BEGIN TASK DATA
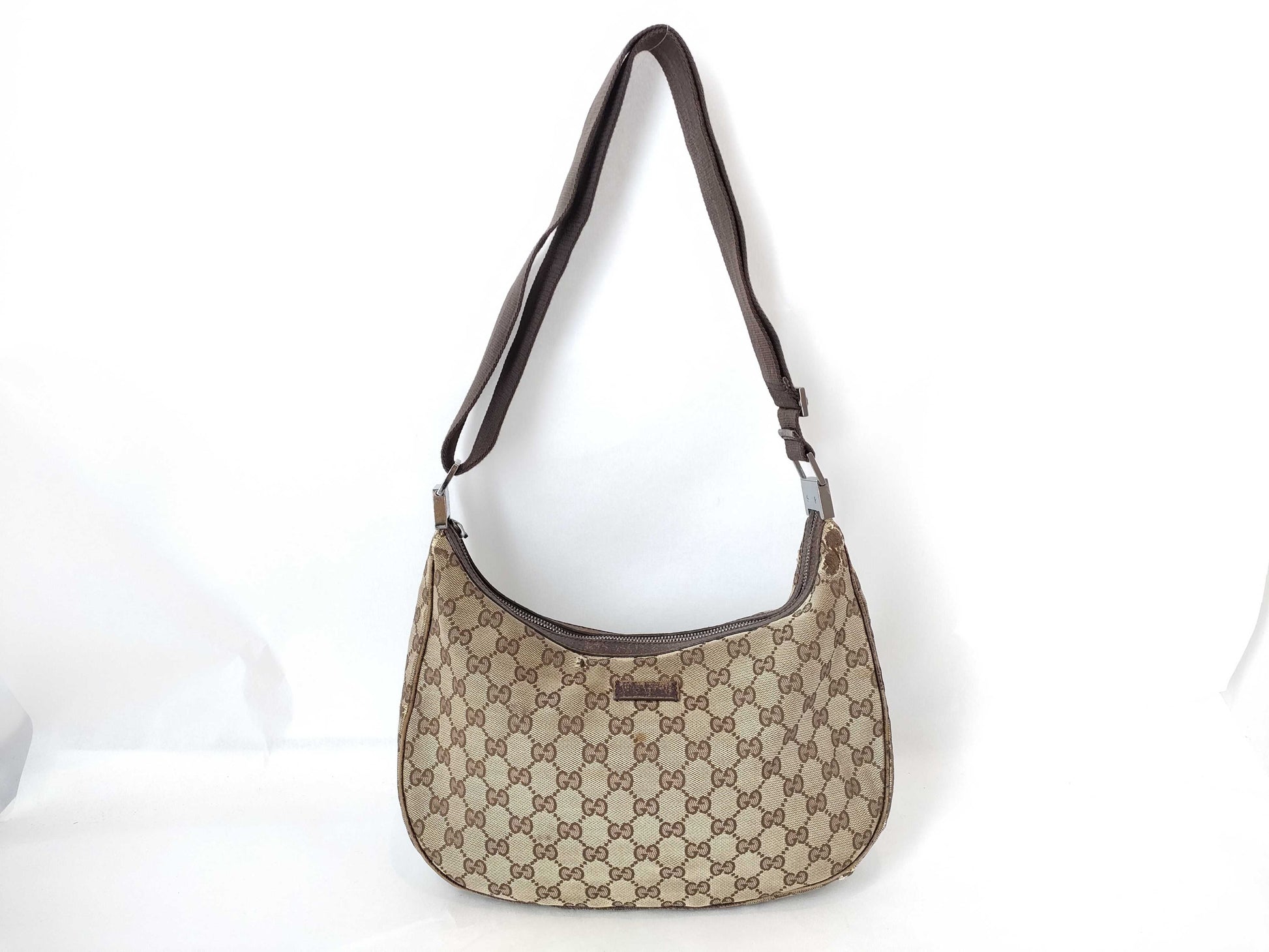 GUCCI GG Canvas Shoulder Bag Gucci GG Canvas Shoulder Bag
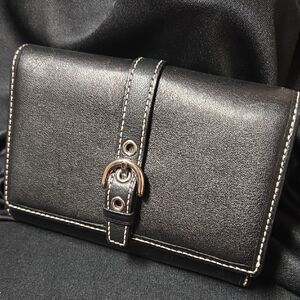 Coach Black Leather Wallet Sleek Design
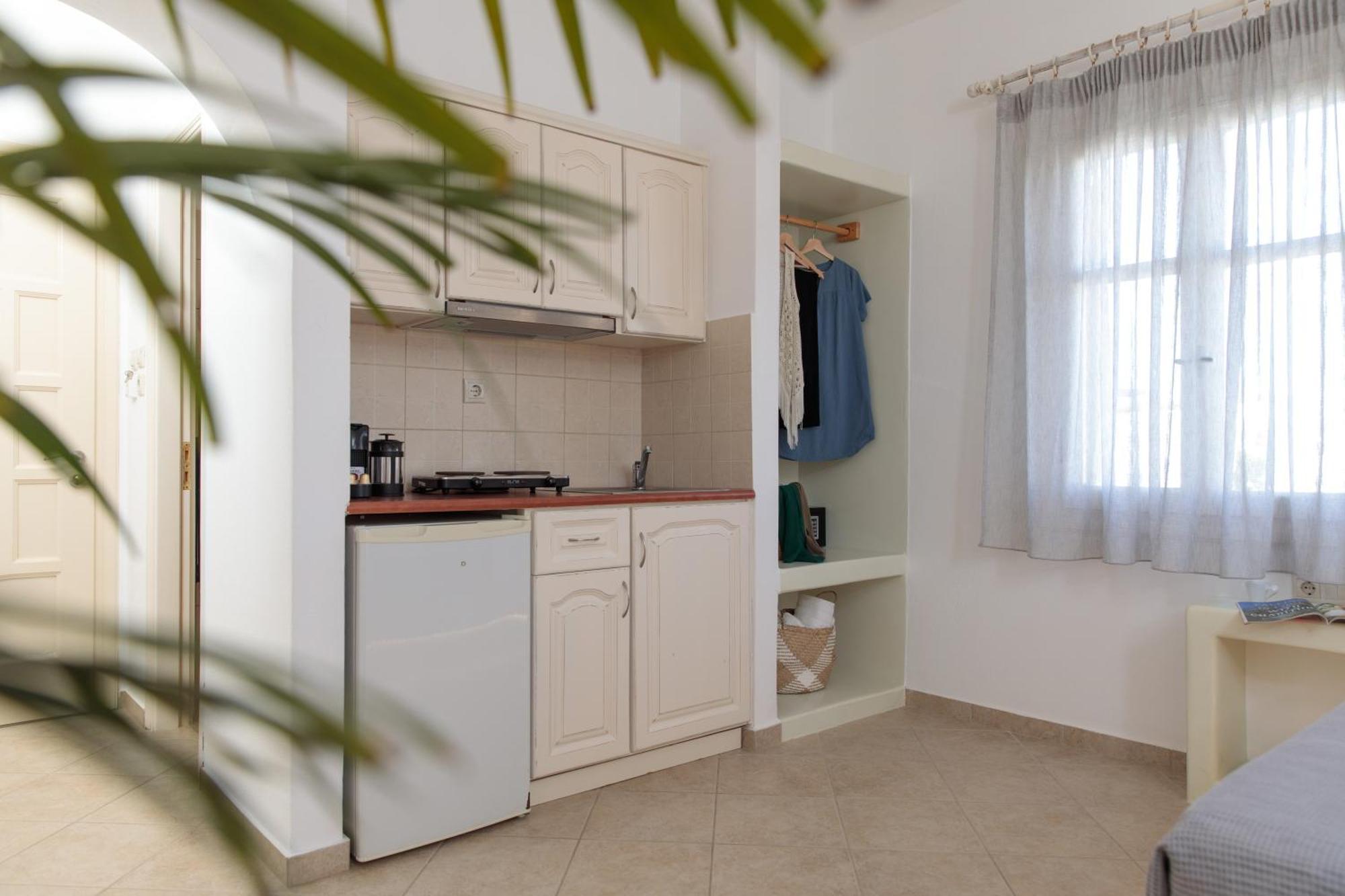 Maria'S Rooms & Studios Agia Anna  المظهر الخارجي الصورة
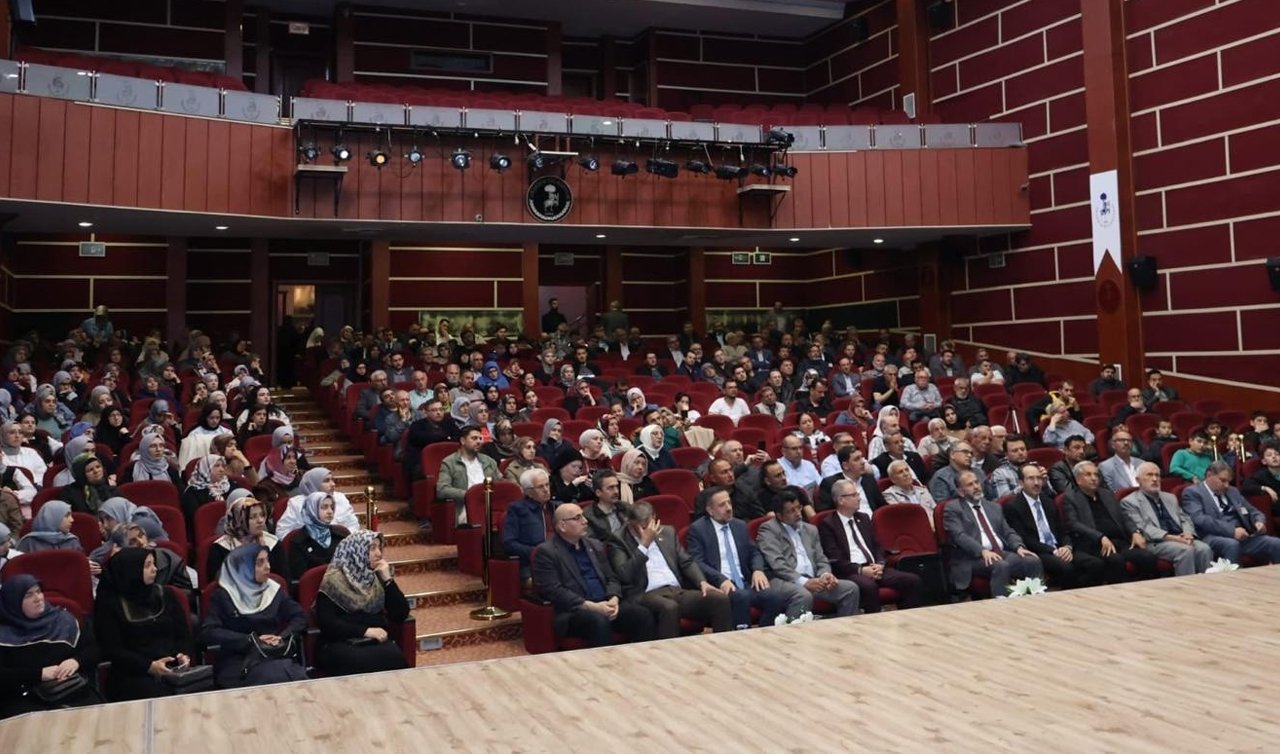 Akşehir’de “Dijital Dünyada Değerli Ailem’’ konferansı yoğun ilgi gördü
END TASK DATA
BEGIN TASK DATA
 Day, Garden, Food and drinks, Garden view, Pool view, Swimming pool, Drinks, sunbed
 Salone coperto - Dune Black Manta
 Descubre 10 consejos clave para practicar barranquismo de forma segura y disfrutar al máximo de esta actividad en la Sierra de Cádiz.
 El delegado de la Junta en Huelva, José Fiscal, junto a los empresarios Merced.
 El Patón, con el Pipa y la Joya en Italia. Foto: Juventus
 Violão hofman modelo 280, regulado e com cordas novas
END TASK DATA
BEGIN TASK DATA
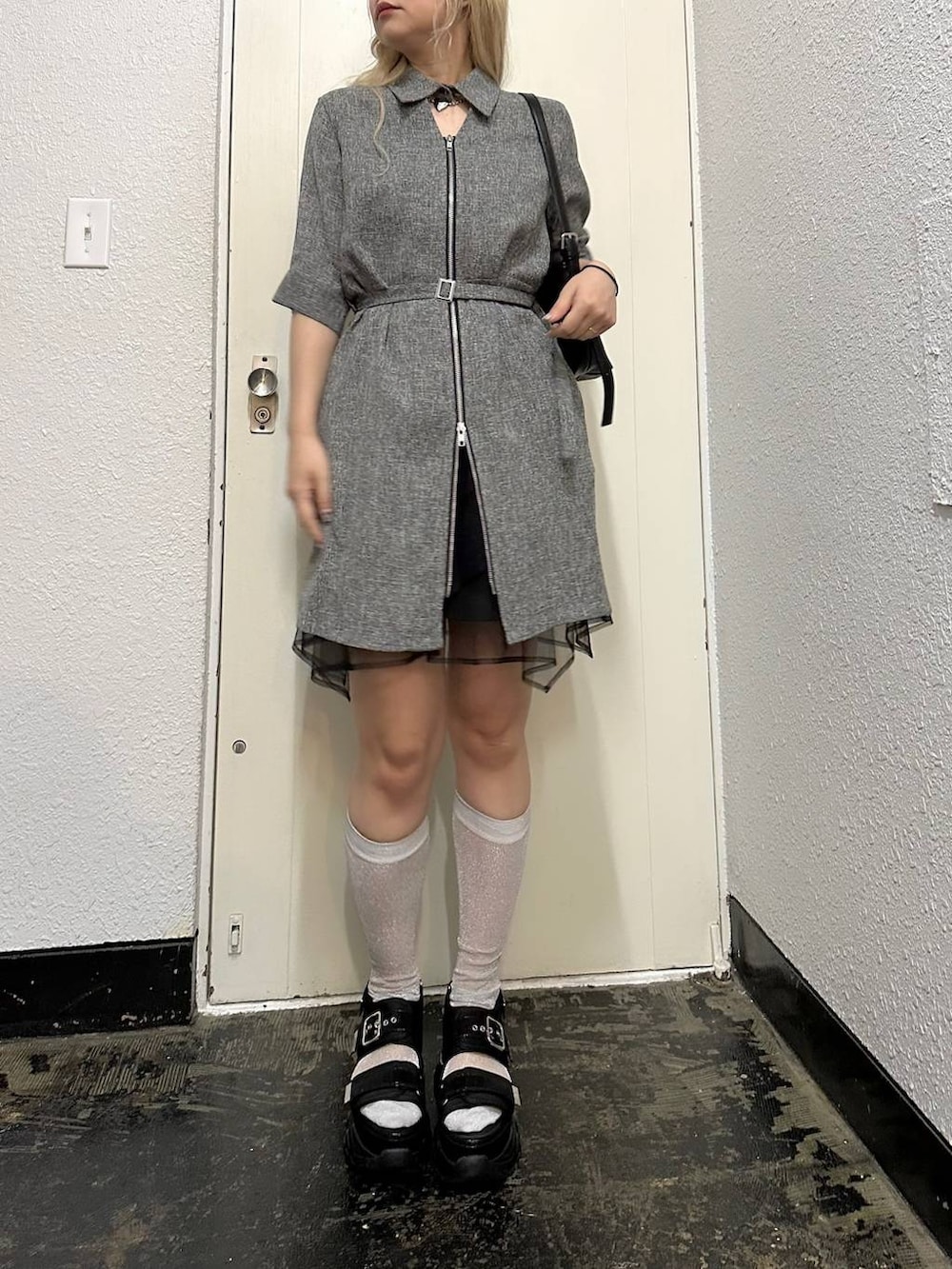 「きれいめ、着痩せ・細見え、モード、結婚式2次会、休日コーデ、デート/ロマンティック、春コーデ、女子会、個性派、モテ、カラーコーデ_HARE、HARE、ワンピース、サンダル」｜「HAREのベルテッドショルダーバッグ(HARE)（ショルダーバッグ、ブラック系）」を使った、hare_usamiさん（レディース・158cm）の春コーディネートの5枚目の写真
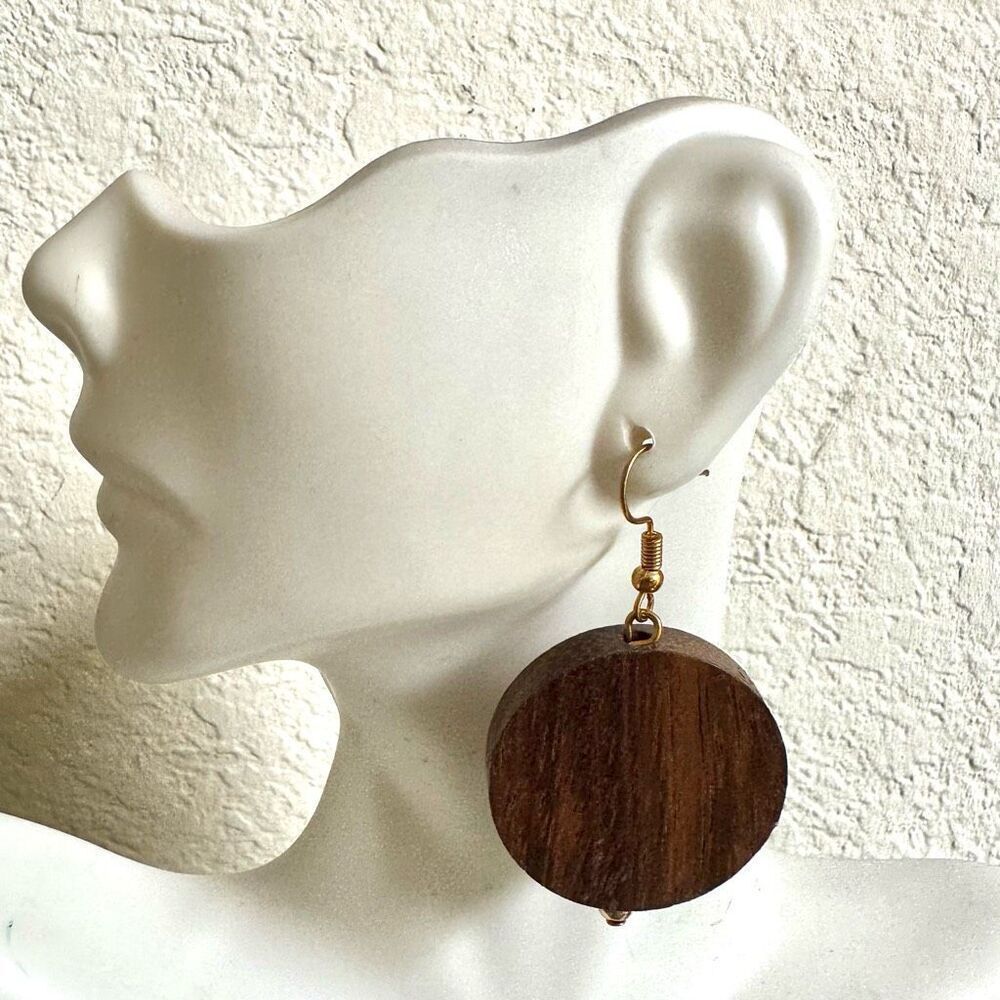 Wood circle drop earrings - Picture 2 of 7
END TASK DATA
[DIRECTIONS]
All that should be printed is the run of lines above from the one with "Maria'S Rooms &" through the one with "yoğun ilgi gördü", both included, exactly as given, with pictures left out.

[RESULT OF THIS TASK]
 Maria'S Rooms & Studios Agia Anna  المظهر الخارجي الصورة
 Akşehir’de “Dijital Dünyada Değerli Ailem’’ konferansı yoğun ilgi gördü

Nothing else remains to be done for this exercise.